The first key difference is that streaming video is heavily buffered, while chat video is not. What does this mean? Because streaming video is not being watched in real time, the server can begin sending content to the user’s computer, which can store it, and begin playing it out after it has stored a few seconds worth. While the user is watching, the server can send more of the content, so that the user has the next few seconds or minutes, and eventually the entirety of the content is stored on their computer. Because of this, hiccups in delivery of the video over the Internet do not interrupt the user’s viewing experience.

However, video chat is real time. Because it is used in an interactive conversation, it cannot be buffered up on the recipient’s computer, leaving little to no time for retransmissions and correction of errors. For this reason, video chat will appear more choppy or have more errors (blockiness or odd coloration), relative to streaming video.

The second key difference is the encoding process. The process of encoding a video is extremely compute-intensive. For streaming video, the encoding process can be done by powerful servers, and that process can take as long as needed. This means that high-quality and high-resolution encoding can be used. For chat, the video is encoded in real time: The computer cannot take longer than 1 second to encode 1 second’s worth of video, or else it would fall behind.

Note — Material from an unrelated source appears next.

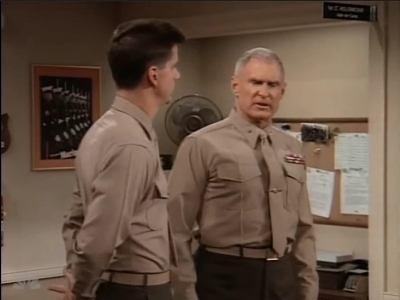 MAJOR_DAD_-_E2X17_VALENTINES_DAY_066.jpg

Furthermore, the encoding process is done by the user’s own computer or mobile device. Today’s average computer is not yet capable of encoding HD video in real time. Mobile devices are even farther away from being able to do it. For this reason, the quality and resolution of streaming video is typically much better than video chat.

The final key difference is the asymmetry of bandwidth usage. In streaming video, a user utilizes his or her Internet connection to download the video, but he or she does not need to upload any data at the same time. For video chat, the user will be uploading video (to send to the other participants) while downloading video at the same time. For many users, home networks provide asymmetric bandwidth – they have much more bandwidth for downloading then uploading. In a video chat, the overall experience is constrained by the slowest upload speed among the participants. In video streaming, it is constrained by the download speed of the single viewer. In the United States, the ratio of download to upload speeds is approximately 5:1. This means that streaming video has five times as much bandwidth available as video chat!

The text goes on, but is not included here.